Gistermorgen was het nog mooi weer, dus ik ging op de fiets naar Groningen. Waarschijnlijk voor de laatste keer dit jaar, tussen de herfstvakantie en de voorjaarsvakantie fiets ik meestal niet.
Het is ’s morgens al best druk op het fietspad.
De e-bike verovert steeds meer terrein en steeds meer mensen gebruiken die electrische fiets als woon-werk-vervoermiddel.

Maar als fietser ben je kwetsbaar. Op het fietspad langs het industrie-terrein in Roden heb je voorrang op het autoverkeer dat het fietspad moet oversteken, maar dat krijg je niet altijd. Automobilisten geven nog even een peut gas en snaaien op het nippertje voor je langs: dat komt de veiligheid natuurlijk niet ten goede.
Als je na een rotonde de weg moet oversteken en je wacht tot er even geen verkeer van de rotonde komt, dan moet je vanuit stilstand wegfietsen. Soms komt er een automobilist zo hard de rotonde opgereden dat die bij je is voordat je bent overgestoken; je spatbord wordt bijna van je  fiets gereden. Men geeft gas, in plaats van dat men op de rem trapt omdat er iemand aan het oversteken is.

Iedereen heeft vliegende haast.
Ook de fietsers zelf kunnen er trouwens wat van.
Verbeten koppen en strakke gezichten, blik op oneindig.
Rücksichtlos in de hoogste versnelling met die fiets.
Schelden op mensen die nietsvermoedend met z’n tweeën fietsen en niet snel genoeg aan de kant gaan.
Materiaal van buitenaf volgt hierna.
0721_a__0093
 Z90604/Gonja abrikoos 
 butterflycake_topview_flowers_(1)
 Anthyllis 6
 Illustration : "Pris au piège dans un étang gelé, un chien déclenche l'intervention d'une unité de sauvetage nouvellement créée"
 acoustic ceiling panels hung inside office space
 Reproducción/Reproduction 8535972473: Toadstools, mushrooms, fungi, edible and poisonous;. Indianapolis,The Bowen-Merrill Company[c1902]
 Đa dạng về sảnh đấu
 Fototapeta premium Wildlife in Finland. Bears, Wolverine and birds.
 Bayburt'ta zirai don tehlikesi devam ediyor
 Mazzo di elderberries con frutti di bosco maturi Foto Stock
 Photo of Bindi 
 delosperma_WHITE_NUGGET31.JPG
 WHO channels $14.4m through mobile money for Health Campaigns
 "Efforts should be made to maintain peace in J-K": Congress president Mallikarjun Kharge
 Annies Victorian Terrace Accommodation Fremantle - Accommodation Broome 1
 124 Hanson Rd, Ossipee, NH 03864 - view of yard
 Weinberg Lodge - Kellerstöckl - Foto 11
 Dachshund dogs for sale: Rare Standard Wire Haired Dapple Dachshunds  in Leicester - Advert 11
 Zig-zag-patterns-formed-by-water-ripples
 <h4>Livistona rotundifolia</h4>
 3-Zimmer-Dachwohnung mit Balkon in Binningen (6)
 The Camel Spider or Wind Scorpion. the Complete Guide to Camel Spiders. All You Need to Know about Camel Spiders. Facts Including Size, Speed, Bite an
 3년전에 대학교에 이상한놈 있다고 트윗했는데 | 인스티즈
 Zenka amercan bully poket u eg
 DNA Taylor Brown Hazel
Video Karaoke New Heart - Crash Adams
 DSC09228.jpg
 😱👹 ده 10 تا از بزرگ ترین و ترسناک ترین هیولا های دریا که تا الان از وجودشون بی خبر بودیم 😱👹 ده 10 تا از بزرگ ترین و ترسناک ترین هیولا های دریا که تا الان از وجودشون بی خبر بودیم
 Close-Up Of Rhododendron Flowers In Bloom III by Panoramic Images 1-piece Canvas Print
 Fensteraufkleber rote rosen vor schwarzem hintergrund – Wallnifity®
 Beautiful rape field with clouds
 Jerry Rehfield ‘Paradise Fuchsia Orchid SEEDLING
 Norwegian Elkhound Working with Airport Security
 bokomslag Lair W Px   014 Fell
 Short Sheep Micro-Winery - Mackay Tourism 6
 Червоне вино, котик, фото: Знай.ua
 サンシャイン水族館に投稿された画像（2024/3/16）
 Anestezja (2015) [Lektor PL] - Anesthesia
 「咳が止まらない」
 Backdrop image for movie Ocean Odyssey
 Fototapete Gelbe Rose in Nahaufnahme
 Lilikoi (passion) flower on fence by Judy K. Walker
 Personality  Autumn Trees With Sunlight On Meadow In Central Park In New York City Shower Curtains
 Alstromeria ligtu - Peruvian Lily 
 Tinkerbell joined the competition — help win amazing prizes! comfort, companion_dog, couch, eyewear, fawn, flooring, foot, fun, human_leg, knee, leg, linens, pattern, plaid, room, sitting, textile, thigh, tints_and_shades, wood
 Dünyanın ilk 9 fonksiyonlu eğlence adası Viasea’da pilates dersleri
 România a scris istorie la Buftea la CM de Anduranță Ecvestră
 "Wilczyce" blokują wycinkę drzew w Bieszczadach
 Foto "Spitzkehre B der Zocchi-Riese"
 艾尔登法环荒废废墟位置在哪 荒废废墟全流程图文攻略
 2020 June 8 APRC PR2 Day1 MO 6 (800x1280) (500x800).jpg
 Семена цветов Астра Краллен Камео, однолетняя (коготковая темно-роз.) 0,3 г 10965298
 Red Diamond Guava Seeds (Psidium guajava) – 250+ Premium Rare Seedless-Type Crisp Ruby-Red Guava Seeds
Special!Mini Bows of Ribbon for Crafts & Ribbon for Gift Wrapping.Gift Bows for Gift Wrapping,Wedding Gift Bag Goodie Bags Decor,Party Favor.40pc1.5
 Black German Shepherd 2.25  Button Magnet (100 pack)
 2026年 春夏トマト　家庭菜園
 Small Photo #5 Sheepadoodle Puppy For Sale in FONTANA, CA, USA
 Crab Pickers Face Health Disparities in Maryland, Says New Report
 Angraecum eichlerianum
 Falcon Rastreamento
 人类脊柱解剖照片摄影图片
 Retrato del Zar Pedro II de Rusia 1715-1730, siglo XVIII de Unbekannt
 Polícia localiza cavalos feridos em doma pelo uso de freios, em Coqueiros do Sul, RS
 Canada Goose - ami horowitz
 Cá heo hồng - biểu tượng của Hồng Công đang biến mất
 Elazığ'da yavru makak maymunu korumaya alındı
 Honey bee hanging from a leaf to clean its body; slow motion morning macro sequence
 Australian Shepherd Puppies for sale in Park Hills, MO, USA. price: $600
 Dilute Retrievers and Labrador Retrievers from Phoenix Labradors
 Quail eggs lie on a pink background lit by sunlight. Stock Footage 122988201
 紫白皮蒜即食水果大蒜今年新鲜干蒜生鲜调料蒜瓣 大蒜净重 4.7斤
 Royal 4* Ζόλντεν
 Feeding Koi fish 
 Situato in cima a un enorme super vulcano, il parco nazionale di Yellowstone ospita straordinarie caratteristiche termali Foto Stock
Het wordt er allemaal zo ongezellig van.

Gistermorgen knalde me ook weer iemand voorbij met zo’n niets ontziende blik die zich aan mij ergerde omdat ik van de fiets afstapte; ik wou een foto maken.
Dat kostte hem kennelijk een paar kostbare seconden omdat hij moest afremmen.

 

 

 

 

Wat je niet ziet met de blik op oneindig is bijvoorbeeld deze prachtige zonsopgang bij het Hoornse Meer ’s morgens om half acht. Of een gave inktzwam in de berm die ik gistermiddag spotte.
Een leuk blog over bovenstaand ‘klein fietsleed’ vond ik hier>>>.
De schrijver, Peter Heida, eindigt zijn verhaal met de zin: “Een betere fietser begint bij jezelf”.
Ik doe mijn best.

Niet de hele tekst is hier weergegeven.